**Assignment:** Find the string "image" in the records. Copy every line it appears in.

**Given data:**

####

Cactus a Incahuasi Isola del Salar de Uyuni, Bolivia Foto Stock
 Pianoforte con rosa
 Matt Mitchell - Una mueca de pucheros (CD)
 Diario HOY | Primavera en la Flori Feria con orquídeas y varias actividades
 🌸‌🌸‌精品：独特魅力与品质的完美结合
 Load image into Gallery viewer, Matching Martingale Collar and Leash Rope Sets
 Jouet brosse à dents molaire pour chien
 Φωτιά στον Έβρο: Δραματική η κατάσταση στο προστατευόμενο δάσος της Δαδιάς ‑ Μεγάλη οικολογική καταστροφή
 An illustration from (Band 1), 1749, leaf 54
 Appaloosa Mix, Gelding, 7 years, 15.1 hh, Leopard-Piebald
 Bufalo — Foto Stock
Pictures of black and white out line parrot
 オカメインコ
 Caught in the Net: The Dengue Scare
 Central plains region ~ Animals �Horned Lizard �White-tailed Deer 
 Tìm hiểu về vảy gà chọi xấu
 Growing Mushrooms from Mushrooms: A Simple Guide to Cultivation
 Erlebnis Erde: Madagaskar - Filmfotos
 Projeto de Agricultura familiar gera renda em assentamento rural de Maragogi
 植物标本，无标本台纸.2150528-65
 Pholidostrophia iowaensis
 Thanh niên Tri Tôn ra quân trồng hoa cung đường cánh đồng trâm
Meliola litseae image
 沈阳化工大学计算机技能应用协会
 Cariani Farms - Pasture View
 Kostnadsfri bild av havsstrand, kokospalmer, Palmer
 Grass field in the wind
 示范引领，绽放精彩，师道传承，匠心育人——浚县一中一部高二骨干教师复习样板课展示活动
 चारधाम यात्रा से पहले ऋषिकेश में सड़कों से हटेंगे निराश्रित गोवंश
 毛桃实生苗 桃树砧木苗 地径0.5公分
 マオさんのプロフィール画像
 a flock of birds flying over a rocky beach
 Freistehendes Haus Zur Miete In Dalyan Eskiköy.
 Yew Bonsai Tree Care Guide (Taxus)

####

**Task answer:**
 Load image into Gallery viewer, Matching Martingale Collar and Leash Rope Sets
Meliola litseae image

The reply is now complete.